O partido militante é aquele que compreende as eleições como um aspecto da luta de classes, e não a luta de classes como um aspecto da disputa eleitoral

Lucas Andrade e Sarah Moura Micoski 25 ago 2023, 16:06

Foto: PSOL

Ocorre hoje uma disputa decisiva no VIII Congresso do PSOL, e o partido se encontra frente a uma bifurcação. Deve decidir se continuará atuando a partir de sua missão fundacional e seguirá o caminho de apresentar à classe trabalhadora uma alternativa independente à esquerda, ou seguirá o caminho da institucionalidade e de buscar crescer somente nos parlamentos e prefeituras como uma legenda eleitoral, sacrificando o que tem de radical, combativo e anticapitalista.

No estado de São Paulo, a Tese 2 (por um PSOL Militante, Independente e Anticapitalista) é a que defende que o partido seja parte da luta incansável pela derrota da extrema direita em todos os âmbitos da sociedade. Defende isso compreendendo que o PSOL não deve abrir mão daquilo para o que foi fundado, e que deve dizer aes trabalhadories que devemos nos orgulhar de ter elegido Lula contra Bolsonaro, mas que não podemos parar aqui: essa foi uma vitória importante em uma guerra muito maior, que é a luta de classes. É lutando as muitas batalhas dessa guerra, e não nos contentando com vencer apenas uma delas, que poderemos enterrar o fascismo.

Para isso, o PSOL não pode ter medo de fazer as críticas necessárias ao Estado burguês e ao governo que hoje está à frente dele. Pelo contrário: devemos ter medo de calar as nossas críticas à ordem. É em meio a esse silêncio que a extrema-direita cria raízes.

Nós, do Movimento Esquerda Socialista, construímos a Tese 2 a partir justamente dessa avaliação.

Estadualmente, a Tese 3 é a que se coloca contrária a essa visão. Ela congrega tanto o campo majoritário do PSOL quanto o campo Semente, a fim de pautar que o PSOL confie na capacidade do governo Lula de combater a extrema-direita. Acontece que o próprio governo não tem isso como prioridade, como vemos pelo Arcabouço Fiscal e pela Reforma Tributária, que existem, primordialmente, para atender aos interesses do agronegócio, setor que compõe parte importantíssima da base econômica do projeto golpista que esteve à frente da presidência nos últimos 4 anos.

Essa aposta, enquanto estratégia, no apoio ao governo de uma Frente Democrática que se compôs para derrotar Bolsonaro nas eleições presidenciais é resultado de pensar a sociedade a partir de campos. Haveria um campo fascista e um campo progressista, e o PSOL deveria, portanto, aderir ao menos pior dentre esses, a fim de fortalecê-lo contra o campo fascista. Pensar assim leva a Tese 3 a defender que, chamando confiança em um governo social-liberal de conciliação de classes, podemos enfraquecer e impor derrotas ao fascismo.
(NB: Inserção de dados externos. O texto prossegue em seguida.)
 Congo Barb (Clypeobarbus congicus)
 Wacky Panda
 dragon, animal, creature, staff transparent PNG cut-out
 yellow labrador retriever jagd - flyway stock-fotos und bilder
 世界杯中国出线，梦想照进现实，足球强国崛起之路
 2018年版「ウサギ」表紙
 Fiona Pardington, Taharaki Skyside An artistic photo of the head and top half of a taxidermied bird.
A realidade é que votar em conjunto com o governo em medidas como a Reforma Tributária nada mais faz do que financiar o agronegócio fascista e convencer a classe trabalhadora de que não há uma alternativa à esquerda de Lula, mas somente à direita. Isso porque essa reforma, celebrada como uma vitória por muites, teve a esmagadora maioria de seus aspectos positivos segregados em uma lei complementar que será votada de forma separada. Eles podem ou não ser aprovados, e a composição do Congresso aponta que não serão. O que foi efetivamente aprovado é a isenção de impostos para o agronegócio.

Precisamos manter a nossa independência porque, se o PSOL não denunciar uma lei como o Arcabouço Fiscal, que é uma bomba no colo de um governo que busque garantir o mínimo de direitos à classe trabalhadora, é a extrema-direita que a denunciará. Vale lembrar que setores do campo majoritário do PSOL queriam impor que o partido votasse a favor do Arcabouço.
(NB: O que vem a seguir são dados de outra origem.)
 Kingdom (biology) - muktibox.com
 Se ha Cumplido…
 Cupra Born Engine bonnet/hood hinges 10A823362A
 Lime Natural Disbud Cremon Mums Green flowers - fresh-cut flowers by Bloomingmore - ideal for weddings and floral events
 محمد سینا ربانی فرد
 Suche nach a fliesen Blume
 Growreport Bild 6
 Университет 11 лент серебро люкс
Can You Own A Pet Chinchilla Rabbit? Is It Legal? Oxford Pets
Essas posturas, de buscar votar em conjunto com o governo mesmo quando não é de interesse da classe trabalhadora, na nossa avaliação, partem do objetivo que a atual direção majoritária tem para o partido: torná-lo outra sigla eleitoral dentro da ordem, sacrificar a coerência para negociar apoios e alianças, e governar. Não como uma expressão dos movimentos da classe trabalhadora, mas como uma gestão do Estado burguês: governar.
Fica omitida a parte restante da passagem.